Exercise requirements: Entries below include pictures. Output exactly the lines from the one with "Chevrolet Onix LT – 2025" down to the one with "Комната Московская область, Королев", both ends included, and leave the pictures out.

Records shown:

^^^^

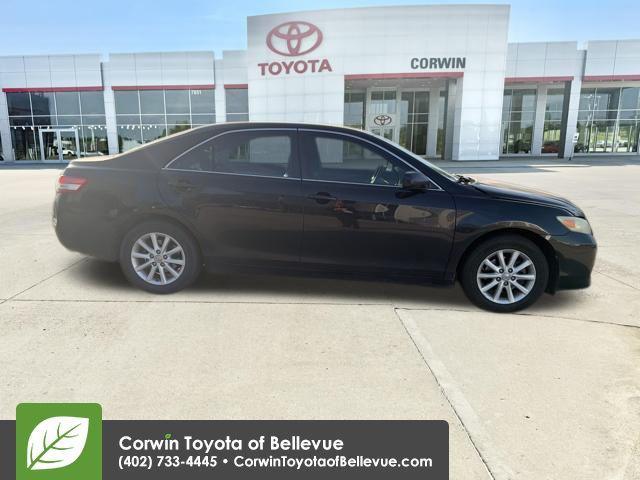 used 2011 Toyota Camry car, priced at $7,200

^^^^

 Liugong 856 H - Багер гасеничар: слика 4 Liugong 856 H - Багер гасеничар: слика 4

^^^^

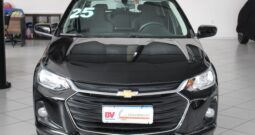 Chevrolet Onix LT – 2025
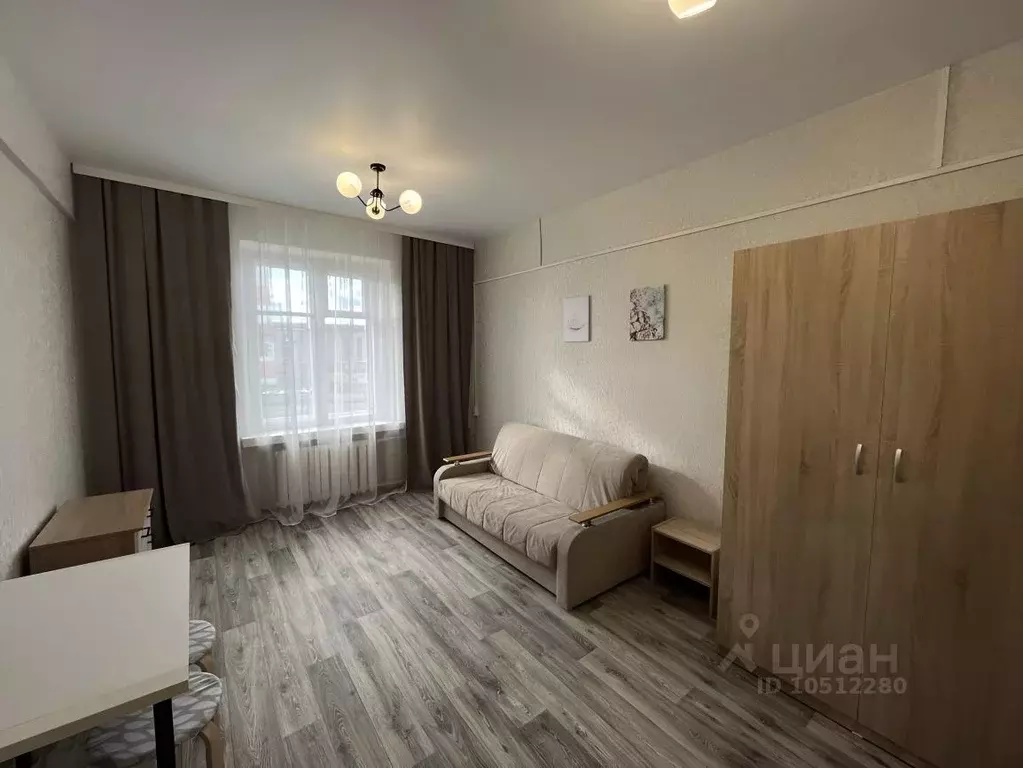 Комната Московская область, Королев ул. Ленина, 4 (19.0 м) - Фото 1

^^^^

Exercise output:
 Chevrolet Onix LT – 2025
 Комната Московская область, Королев ул. Ленина, 4 (19.0 м) - Фото 1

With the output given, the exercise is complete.